Short descriptive text snippets:
==*==

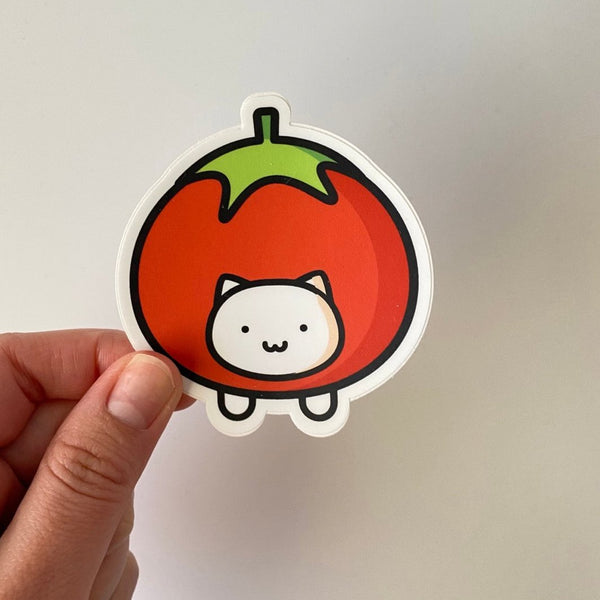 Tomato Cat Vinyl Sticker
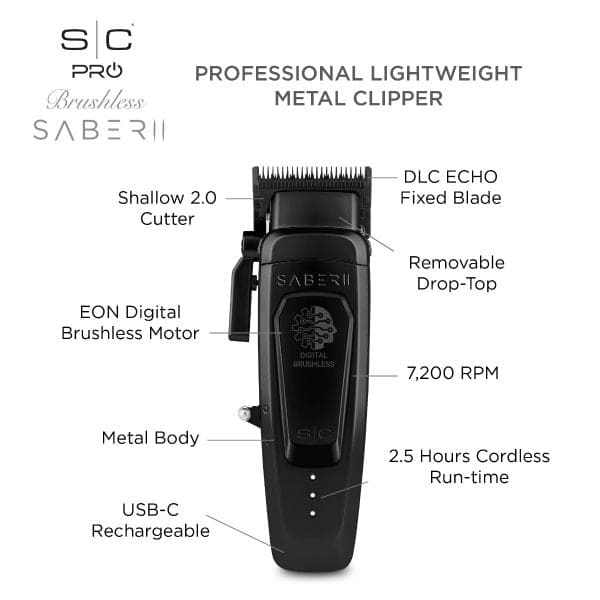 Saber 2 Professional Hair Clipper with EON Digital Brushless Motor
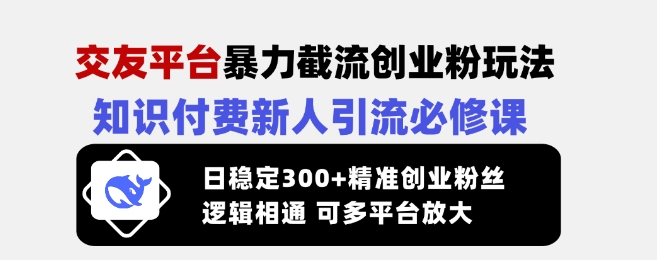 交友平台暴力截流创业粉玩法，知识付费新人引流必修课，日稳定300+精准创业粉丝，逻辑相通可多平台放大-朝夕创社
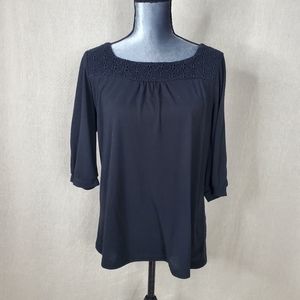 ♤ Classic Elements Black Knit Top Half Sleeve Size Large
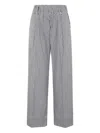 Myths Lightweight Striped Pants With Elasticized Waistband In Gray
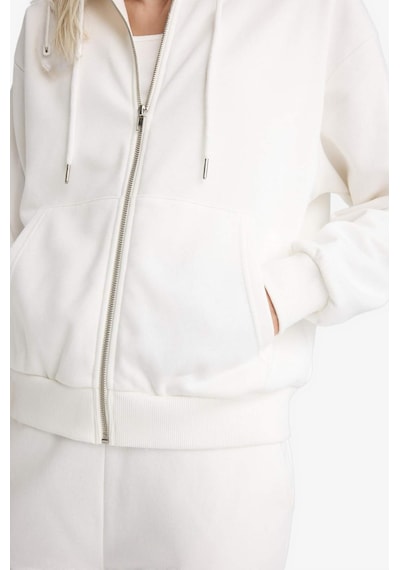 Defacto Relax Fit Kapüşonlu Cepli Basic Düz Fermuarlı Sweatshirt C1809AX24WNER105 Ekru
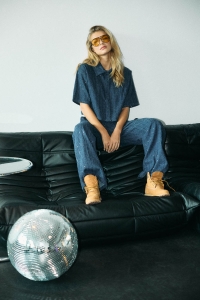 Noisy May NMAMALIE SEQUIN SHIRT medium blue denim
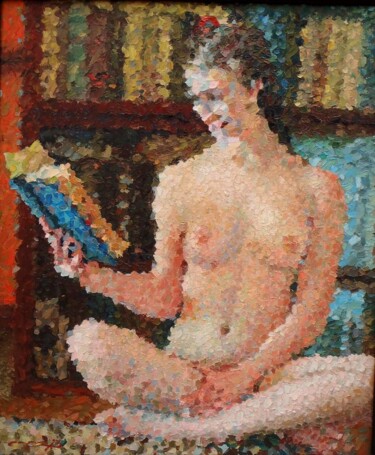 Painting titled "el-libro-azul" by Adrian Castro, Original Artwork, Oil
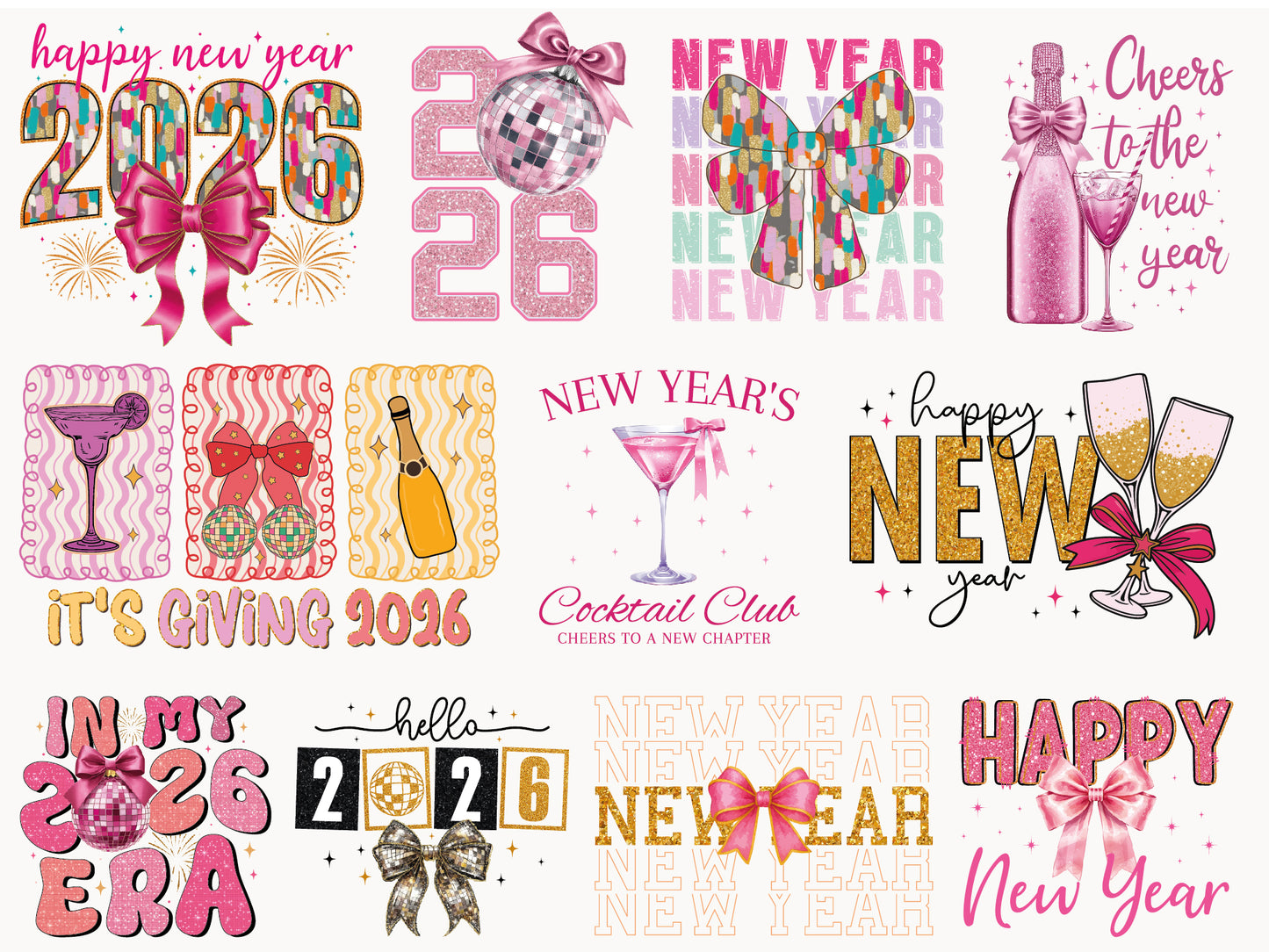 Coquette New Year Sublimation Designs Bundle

==*==

ASSIGNED TASK:
With all pictures omitted, repeat every record above word for word.

TASK ANSWER:
 Tomato Cat Vinyl Sticker
 Saber 2 Professional Hair Clipper with EON Digital Brushless Motor
 交友平台暴力截流创业粉玩法，知识付费新人引流必修课，日稳定300+精准创业粉丝，逻辑相通可多平台放大-朝夕创社
 ♤ Classic Elements Black Knit Top Half Sleeve Size Large
 Myths Lightweight Striped Pants With Elasticized Waistband In Gray
 Defacto Relax Fit Kapüşonlu Cepli Basic Düz Fermuarlı Sweatshirt C1809AX24WNER105 Ekru
 Noisy May NMAMALIE SEQUIN SHIRT medium blue denim
 Painting titled "el-libro-azul" by Adrian Castro, Original Artwork, Oil
 Coquette New Year Sublimation Designs Bundle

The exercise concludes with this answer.